## [TASK TO CARRY OUT]
Lines from the beginning of the data through the line containing "Horse Color:Bay Sabino" are to be copied exactly, with no other line included.
┌────────
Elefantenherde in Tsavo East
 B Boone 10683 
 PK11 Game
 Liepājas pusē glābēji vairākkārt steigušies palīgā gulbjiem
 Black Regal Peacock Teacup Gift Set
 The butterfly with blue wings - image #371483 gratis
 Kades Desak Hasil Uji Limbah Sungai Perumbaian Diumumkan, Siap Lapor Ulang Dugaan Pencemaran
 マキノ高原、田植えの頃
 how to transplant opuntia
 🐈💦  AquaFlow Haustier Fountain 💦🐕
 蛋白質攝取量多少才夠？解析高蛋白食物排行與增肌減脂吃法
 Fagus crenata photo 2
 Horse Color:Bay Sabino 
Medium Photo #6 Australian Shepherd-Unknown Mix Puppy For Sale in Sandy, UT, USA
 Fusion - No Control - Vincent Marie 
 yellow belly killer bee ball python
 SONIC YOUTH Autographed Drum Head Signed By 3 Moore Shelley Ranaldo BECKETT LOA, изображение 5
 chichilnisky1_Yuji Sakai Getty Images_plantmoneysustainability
└────────
## [RESULT OF THIS EXERCISE]
Elefantenherde in Tsavo East
 B Boone 10683 
 PK11 Game
 Liepājas pusē glābēji vairākkārt steigušies palīgā gulbjiem
 Black Regal Peacock Teacup Gift Set
 The butterfly with blue wings - image #371483 gratis
 Kades Desak Hasil Uji Limbah Sungai Perumbaian Diumumkan, Siap Lapor Ulang Dugaan Pencemaran
 マキノ高原、田植えの頃
 how to transplant opuntia
 🐈💦  AquaFlow Haustier Fountain 💦🐕
 蛋白質攝取量多少才夠？解析高蛋白食物排行與增肌減脂吃法
 Fagus crenata photo 2
 Horse Color:Bay Sabino 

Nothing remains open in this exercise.